Decision Date20 February 1923
Citation212 P. 803,106 Or. 494
PartiesAMERICAN CENT. INS. CO. v. WELLER.
CourtOregon Supreme Court

In Banc.

Appeal from Circuit Court, Multnomah County; W. N. Gatens, Judge.

Action by the American Central Insurance Company against E. R Weller. From a judgment for defendant, plaintiff appeals. Affirmed.

Burnett J., dissenting.

This is an action in which the plaintiff, insurance company, having paid to Ashley & Rumelin, Bankers, a loss of $300, resulting from the conversion of a certain automobile, seeks to be subrogated to the rights of Ashley & Rumelin, Bankers against the defendant, E. R. Weller, and to recover from the defendant the loss which it paid. The cause was tried to the court without a jury.

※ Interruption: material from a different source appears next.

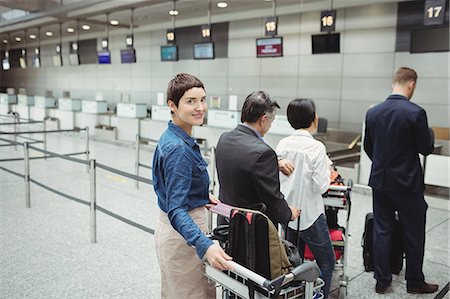 simsearch:6116-07086481,k - Passengers waiting in queue at a check-in counter with luggage inside the airport terminal Stock Photo - Premium Royalty-Free, Code: 6109-08722757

At the close of plaintiff's testimony the defendant moved for a "directed verdict and judgment." The motion was granted, and a judgment entered in favor of defendant, from which plaintiff appeals.

W. B Shively and Henry Bauer, both of Portland, for appellant.

J. M. Hickson and Robert R. Rankin, both of Portland, for respondent.

BEAN J.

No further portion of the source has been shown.